The Conservative party chooses its leaders in two phases. MPs choose two candidates, who they then present to the membership to vote on. The second of these phases is currently underway — members have been given a month to choose between Liz Truss, Foreign Secretary, and Rishi Sunak, former Chancellor of the Exchequer, before the new leader is announced on September 5th.

This sets up a striking dynamic, in which an estimated 160,000 party members will elect a leader for their 67 million fellow citizens. That means over 99 percent of Brits don’t get a vote.

“Nobody voted for Boris Johnson,” said Bernard Gentry, North Wales Conservatives Area Chairman.

Boris Johnson did not even appear on the ballot paper in 2019 unless you were one of the 70,000 voters in his constituency of Uxbridge and South Ruislip. Instead, voters in Britain’s parliamentary democracy elect an MP to represent their area. It is the support of these MPs that gives the Prime Minister their power.

In 2019, this process yielded 365 Conservative MPs (out of a total of 650), almost all of whom remain in place. 

While Devenish said that the system allowed the British public to “have a say” if they believe the party has made a mistake, some Conservatives are more concerned.

“I think it’s an issue if there isn’t a general election relatively soon” said Rolf Merchant, deputy chair for politics and campaigning for the Dulwich and West Norwood Conservative Association. “People say we don’t have a presidential system. And obviously, we don’t, but at the same time, who the leader is, is quite important in people’s decision making.”

Some Conservatives also fear the contest is dragging on too long. September 5th will mark almost two months since Boris Johnson announced his resignation on July 7th. In the interim, Boris Johnson and his government cannot introduce significant new legislation – bad timing as the UK confronts an energy and cost-of-living crisis, with inflation at 10.1%. Devenish, however, does not see this as a problem. 

“This has occurred during July – August,” Devenish said. “Whatever anybody pretends, all countries are on holiday for at least 6 weeks. Government has gone on just like it does in the US November-January every fourth year.” 

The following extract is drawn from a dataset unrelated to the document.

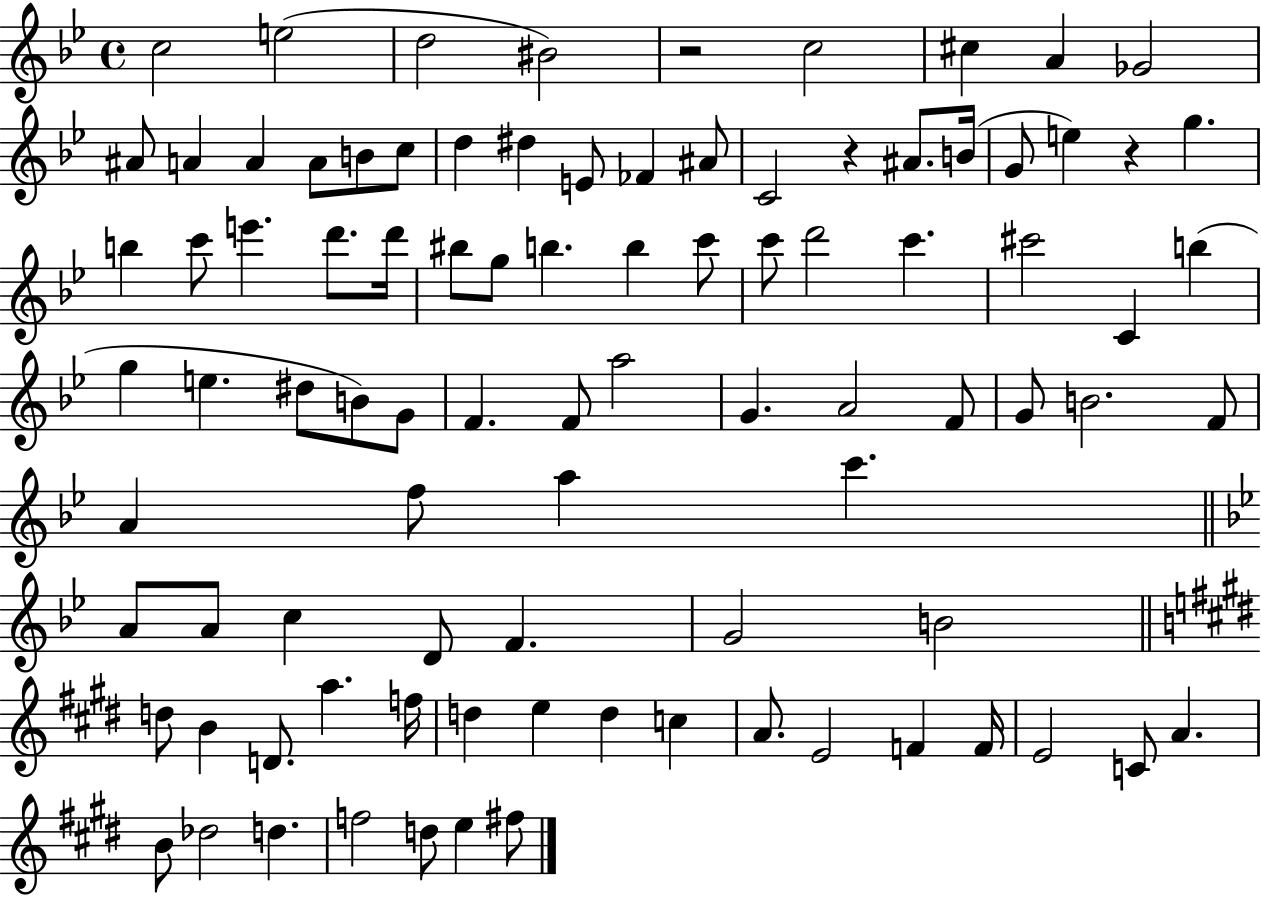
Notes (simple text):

Two areas of general consensus remain despite these disagreements. For one, a widespread belief in the strengths of the parliamentary system. 

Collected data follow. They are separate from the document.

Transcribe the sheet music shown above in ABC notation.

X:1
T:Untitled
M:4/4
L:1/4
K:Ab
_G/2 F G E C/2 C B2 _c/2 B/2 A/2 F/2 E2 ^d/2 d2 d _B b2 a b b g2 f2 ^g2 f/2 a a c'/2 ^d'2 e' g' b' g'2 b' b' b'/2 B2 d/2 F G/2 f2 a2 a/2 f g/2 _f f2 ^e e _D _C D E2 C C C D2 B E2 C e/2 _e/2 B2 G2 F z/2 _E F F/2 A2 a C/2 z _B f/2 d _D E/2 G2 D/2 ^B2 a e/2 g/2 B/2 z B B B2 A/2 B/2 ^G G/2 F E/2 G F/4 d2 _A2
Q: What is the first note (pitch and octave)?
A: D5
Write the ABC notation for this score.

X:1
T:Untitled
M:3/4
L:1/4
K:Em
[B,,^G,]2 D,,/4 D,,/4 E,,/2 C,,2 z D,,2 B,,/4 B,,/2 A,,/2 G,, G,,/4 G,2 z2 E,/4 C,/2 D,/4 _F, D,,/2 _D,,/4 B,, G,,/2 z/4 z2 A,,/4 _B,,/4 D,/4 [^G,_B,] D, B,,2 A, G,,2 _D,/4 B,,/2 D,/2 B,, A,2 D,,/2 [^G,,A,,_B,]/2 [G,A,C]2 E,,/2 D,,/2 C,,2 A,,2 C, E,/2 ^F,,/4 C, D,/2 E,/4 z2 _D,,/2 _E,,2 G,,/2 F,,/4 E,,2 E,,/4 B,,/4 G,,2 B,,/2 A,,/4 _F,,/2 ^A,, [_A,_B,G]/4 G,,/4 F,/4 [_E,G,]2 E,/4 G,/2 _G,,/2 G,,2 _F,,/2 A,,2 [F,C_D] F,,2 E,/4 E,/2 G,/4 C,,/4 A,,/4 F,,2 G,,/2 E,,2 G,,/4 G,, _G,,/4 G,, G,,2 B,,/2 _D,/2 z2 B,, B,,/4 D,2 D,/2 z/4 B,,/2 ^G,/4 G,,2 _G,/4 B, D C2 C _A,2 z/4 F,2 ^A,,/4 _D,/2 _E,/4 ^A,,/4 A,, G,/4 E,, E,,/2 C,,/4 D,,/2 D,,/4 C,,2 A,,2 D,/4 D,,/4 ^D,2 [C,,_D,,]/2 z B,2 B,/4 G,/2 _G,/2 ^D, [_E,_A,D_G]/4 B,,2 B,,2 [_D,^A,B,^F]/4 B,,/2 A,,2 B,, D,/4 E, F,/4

It keeps legislators in touch with local constituencies, Gentry said. And despite technically affording the vast majority of voters no direct say in their leader, the parliamentary system might actually keep Prime Ministers more accountable to political opinion.

“I think that we have a system that keeps our Prime Ministers on their toes and it makes for a very good system, where the Prime Minister is first among equals in his or her cabinet,” says Neil Salt, chairman and president of the Streatham Conservative Association.

Secondly, Conservatives largely share a positive view of the leadership contest so far. Conservative infighting, dubbed “blue-on-blue”, has become something of a catchphrase within the British media’s reporting. Many Conservatives think this narrative is overblown.

Some level of contention is inevitable in any such internal political contest and it is regrettable to many in the party where it becomes too blunt and ill-tempered, but, says Salt, for the most part, things have remained respectful.

Elizabeth Gibson, Chair of Vauxhall Conservative Association, also emphasized the positive side to debate within the party.

“I think it is good for the candidates to be questioned about their brand of conservatism,” Gibson said. “Because ultimately, it flushes out some of the fundamental philosophies that they have.”

In many ways, Conservative sentiment is best expressed in Boris Johnson’s own words when he announced his reluctant resignation: “Them’s the breaks!”